Søren Rosenbak: We need to see pata-designers coming out of education
Ivica Mitrović talks with Søren Rosenbak, designer, researcher and educator, about the present pandemic and the current state and future paths of Speculative Design.
Photo by Yanina Shevchenko.
Dr. Søren Rosenbak is a designer, researcher and educator, currently working as Design Lead at Laerdal Medical, where he is designing state-of-the-art e-learning experiences for the future of nursing education. Søren has a broad background in design practice, particularly Design Fiction and Interaction Design, coupled with storytelling and filmmaking. He completed a practice-based PhD in Industrial Design from Umeå Institute of Design in 2019, showing how design can be conceived of as a science of imagining solutions. Across his different practices, Søren finds that the magic happens at the intersection of imagination and participation, when design anticipates and gives shape to futures with, rather than for, people. He continues to consult, publish, and mentor from this very junction, and also facilitates an open-ended conversation around the ways in which design research has failed.
In a recent tweet you were looking at Speculative Design works related or referring to the current pandemic crisis. What is the role of Speculative Design now, when we are already living in what may seem like a dystopian future?

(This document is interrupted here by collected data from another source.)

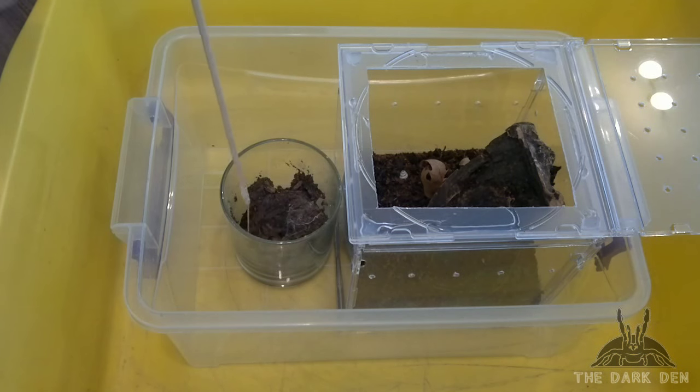As you can see, I'm transferring within two plastic boxes. This minimizes the risk of the tarantula escaping.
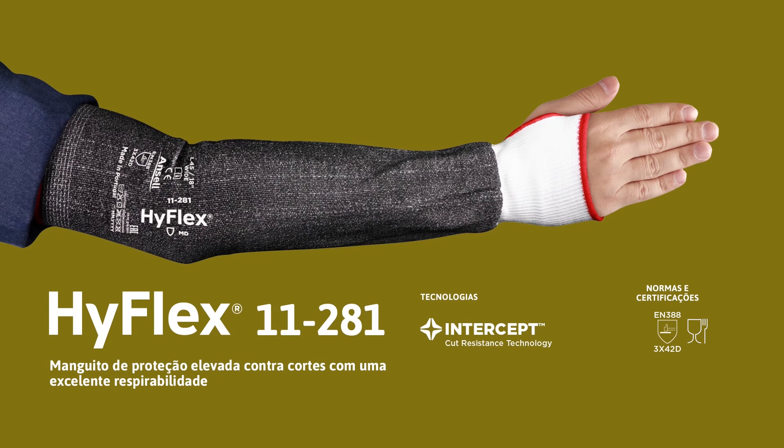HyFlex 11281 — high-cut protection sleeve with excellent breathability.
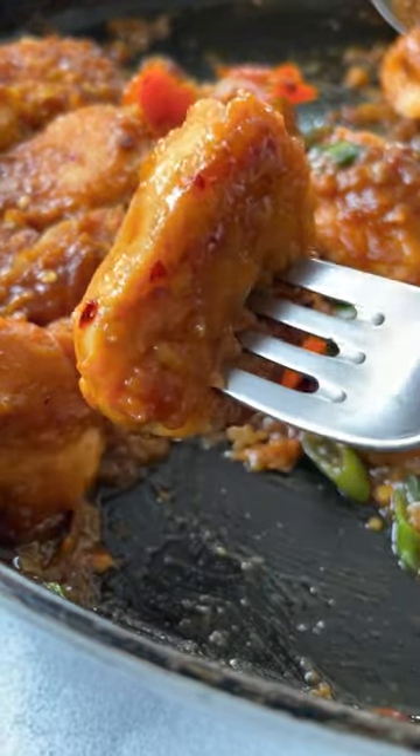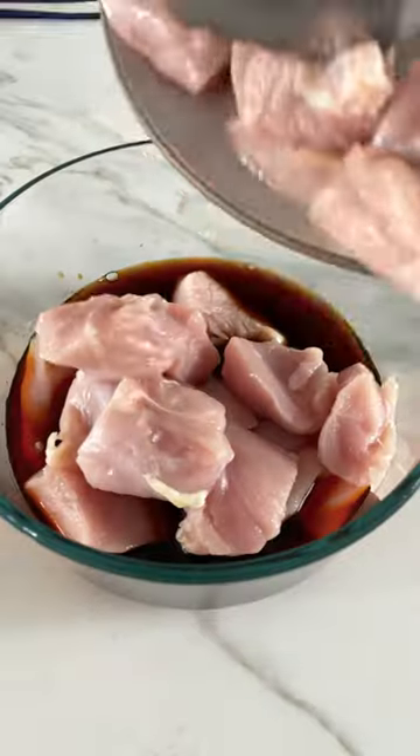This tangerine chicken is the absolute best and it's so easy. Let's do it. First, marinate boneless, skinless chicken cubes in soy sauce and water. Then make a sauce with soy sauce, orange marmalade, water, and tangerine juice.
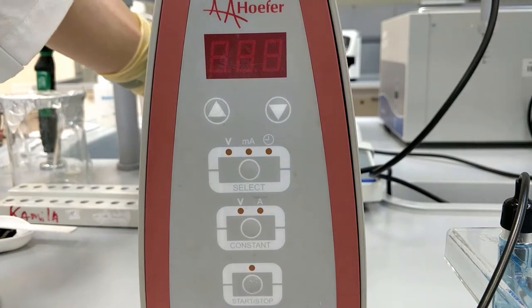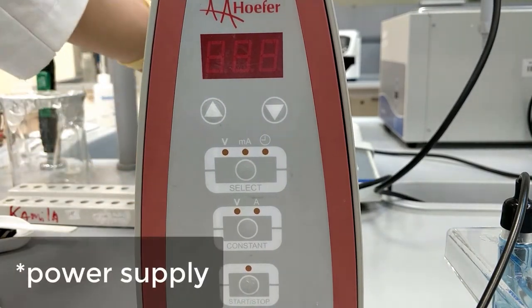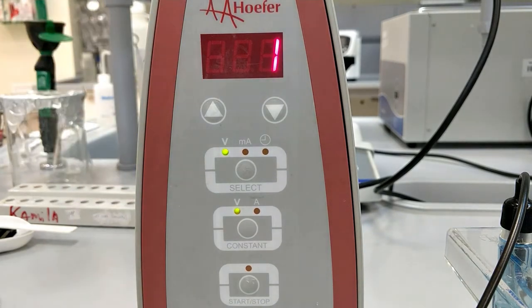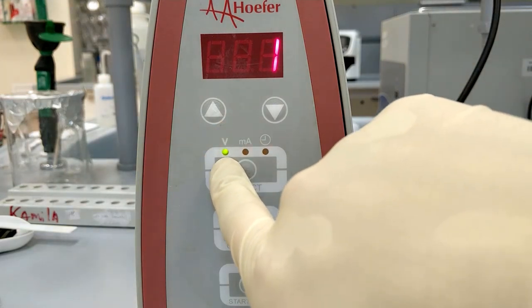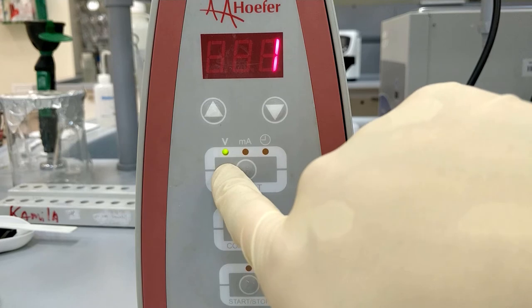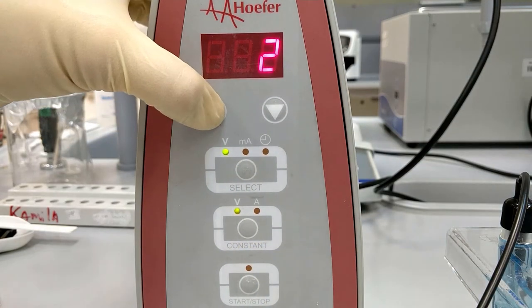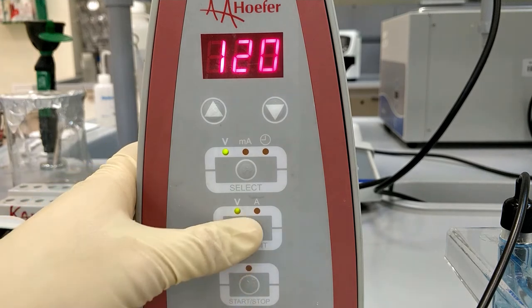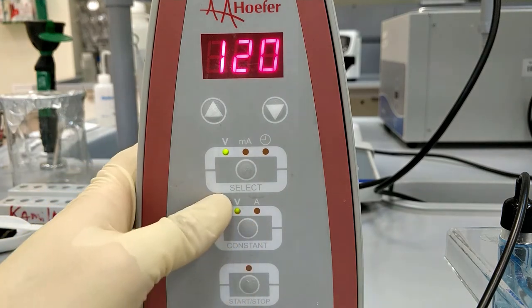We turn on the power supply and we need to set the voltage. We are going to set it to 120. This will be constant — voltage is constant.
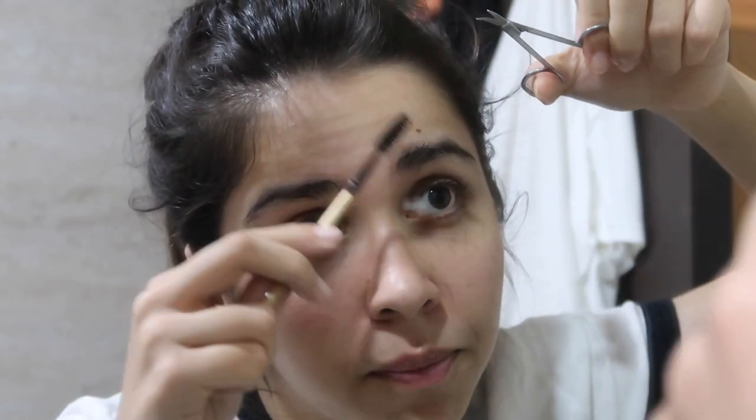The half at the back of the eyebrow is very narrow, but the half at the front — I have to brush it on the top. The half of the front is very straight, I guess.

Has Speculative Design in any way prepared us for this crisis?
When contemplating the current pandemic, I think it’s worth asking whether we—as a global interconnected community—have not been living out dystopian futures for quite some time already? I certainly think the ebola outbreak in West Africa in 2014-16 classifies as an example. Or the Republic of Kiribati in the Pacific Ocean being swallowed by the rising sea levels caused by climate change. Writing from a Northern European perspective, I think much of what is happening in this moment has to do with the West getting to grips with this fact in a really embodied, immediate and deep sense.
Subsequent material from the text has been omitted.